Little Arnot Photograph Series
A long wait with a slow modem, but a great 60-year photo record!
In 1927, scientists of the United States Forest Service Allegheny Experiment
Station formed a partnership with managers to collect data in stands scheduled
to be harvested as part of the first timber sale on the 4-year-old Allegheny
National Forest. The data would be used to help managers decide which kinds
of silviculture to use. The stands chosen for this timber sale, near the
Little Arnot Creek in Warren County, were photographed as well. Scientists
continued to collect data and take photographs at about ten year intervals
since that timber sale. Inventories consisted of tallies of all trees 1.0
inches in diameter at breast height (dbh) on a 1.0 acre plot within the harvest
areas. Some stands were only partially cut, and have since received final
harvests. But the stand that grew up after the clearcut in 1928 still stands,
and the photographs that follow show the development of this stand, a typical
even-age, second-growth stand.
||This photograph shows the stand prior to harvest in 1927. This
stand had a basal area of 128 square feet, with 335 trees per acre.
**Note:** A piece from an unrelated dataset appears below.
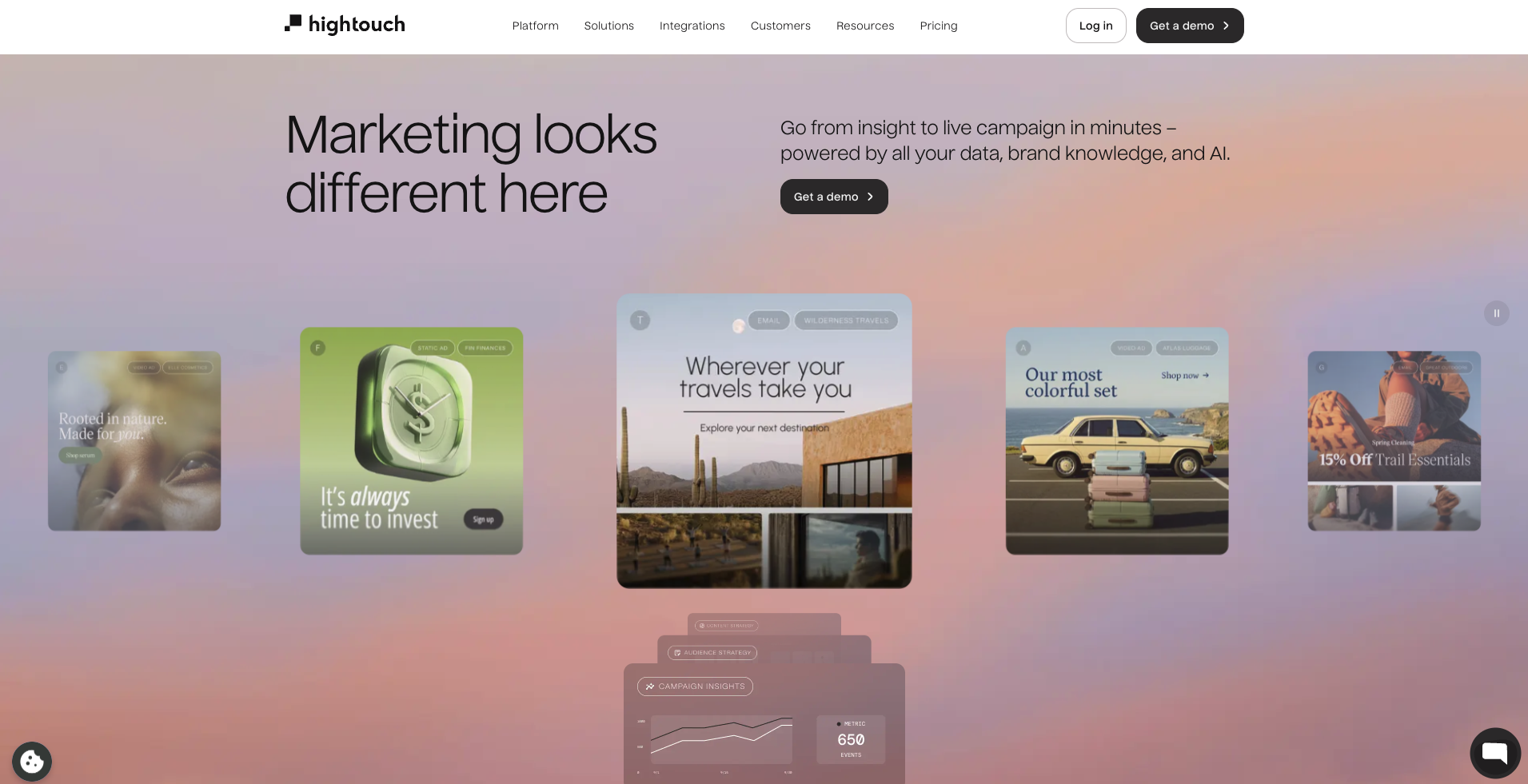 Hightouch page presenting warehouse-native audiences syncing from your own data warehouse out to advertising and messaging destinations.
The medial diameter of the merchantable trees was 14.9 inches, and
almost 64 square feet, or about half the basal area, consisted of
American beech. Ten species were measured in this stand, with sugar
maple and black cherry representing the second and third most basal
||The timber sale was conducted in two parts. This was typical of
harvests at that time. First, the merchantable sawtimber was removed
during the winter of 1927. Although sawmills and chemical wood factories
often shared railroad facilities their harvests were conducted separately.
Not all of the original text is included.